The Salafists, who wish to return to a more Islamic state, also demanded that Article 2 of the Egyptian constitution, which stipulates that Islam is the religion of the state and sharia (Islamic law) is the principle source of jurisprudence not be amended. Clashes broke out and, according to a security source, the two groups threw stones and Molotov cocktails at each other.
 The demonstration by the Zabalin was held independenly from the demonstration that Copts are holding since Sunday at the Television building in Maspero in Cairo to protest the burning of the church in Atfeeh. Some Muslims also joined this crowd of about 1000 people.
Witnesses and a security source said the church in Helwan was torched after a row sparked by a relationship between a Christian man and a Muslim woman. Such interfaith relationships often cause tensions in Egypt. The Islam, the religion of the majority does not allow marriages between Coptic men and Muslim women, unless the man in question converts to Islam. Members of the woman's Muslim family clashed among themselves over the affair and two Muslim men were killed. Muslims from the woman's village then burned the church on Saturday, witnesses said.

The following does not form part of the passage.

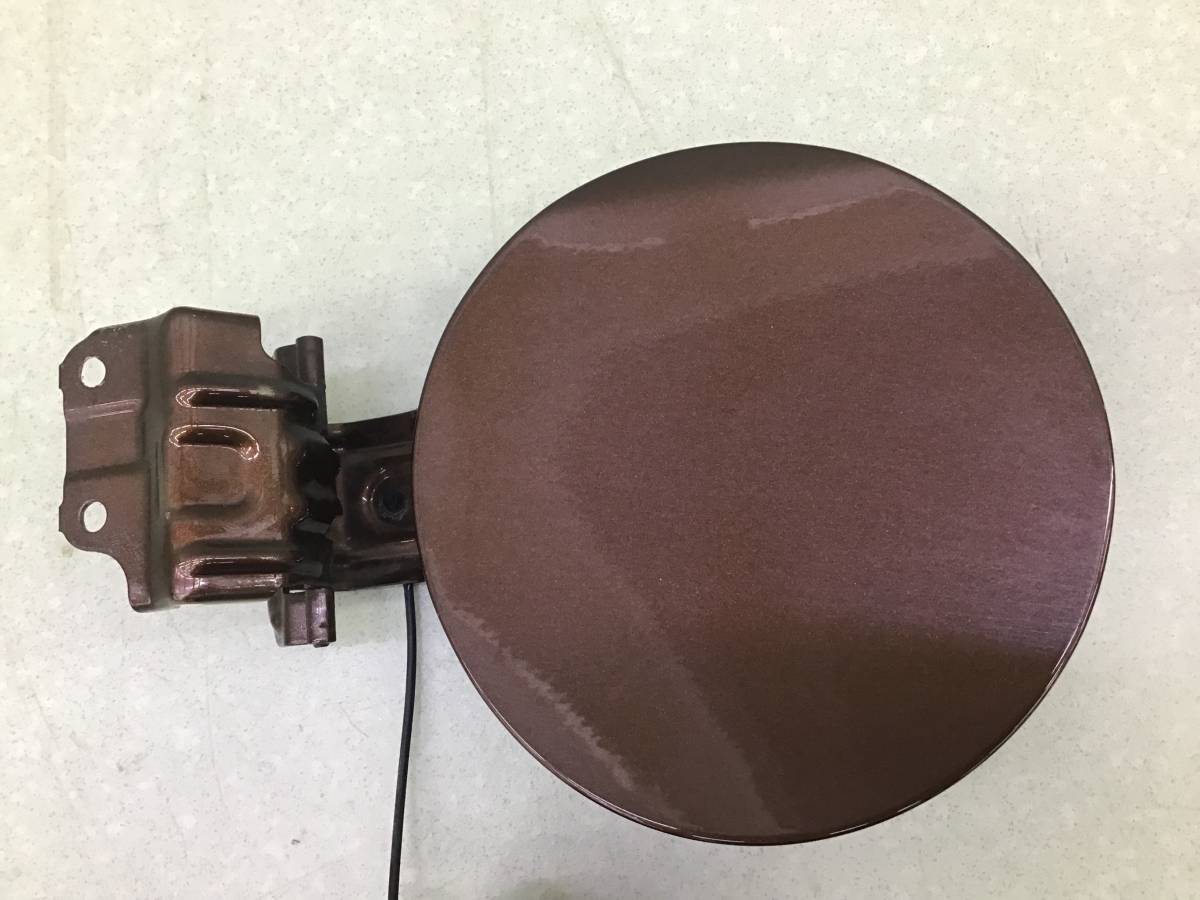 Лючок бензобака Toyota Rav 4 (A40) 2013>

The clash is a serious  challenge to the army's ability to maintain order in an Egypt that in many ways is in a state of revolutionary transition. One other - no less serious  - challenge is what was uncovered after people entered the deserted building of the hated State Ecjurity Service  in Cairo (and also other places), after a lorry was discoverd full of shredded and destroyed files from the archives near the State Security hadquarters in Nasr City.

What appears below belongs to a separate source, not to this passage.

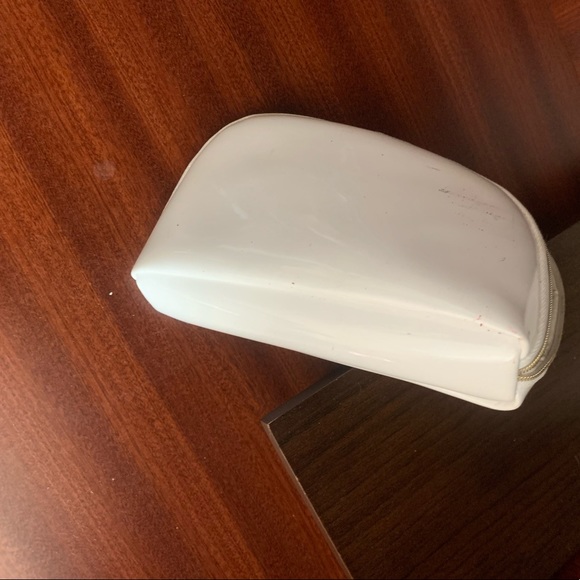 CHANEL cosmetic bag. red stain of lipstick inside.Last photos.  good Condition. - Picture 8 of 11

People trying to enter the State Security building
Shredded State Security files
Personal Files of the SSS
 What was found, apart from enormous amounts of shredded paper (see the picture) and the discovery that the minister of the interior had his own luxurious quarters inside the building (see the video at the bottom of this post) were torture chambers and an amount of personal files that went beyond anybody's wildest imagination, only to be compared to Stasi-practices in the former GDR of East Germany. The Egyptian military will have to deal with this heritage. So far they took charge of the findings and arrested 47 SS-people on charges that they destroyed files. They will have to decide, however,  whether to disband the service altogether and found a new one or not, and how to deal with its employees 
Others have already written good stories about the significance of what has been found. Reuters wrote this report, blogger and researcher Sarah Carr gave a beautiful impression here, and Issander al Amrani (Arabist) wrote in a column that the magnitude of the repression may ask for the installation of a South-African style Truth and Reconciliation commission.  
We knew of course about this institution and the way how it dealt with (and sometimes literary butchered) opposition that was seen as as serious threat to the regime like the islamists. One of the last times we saw a glimpse of how it used to act was on this 'Black Wednesday' during the days of protest at Tahrir Square. The last word about the SSS has not been spoken yet, so much is clear.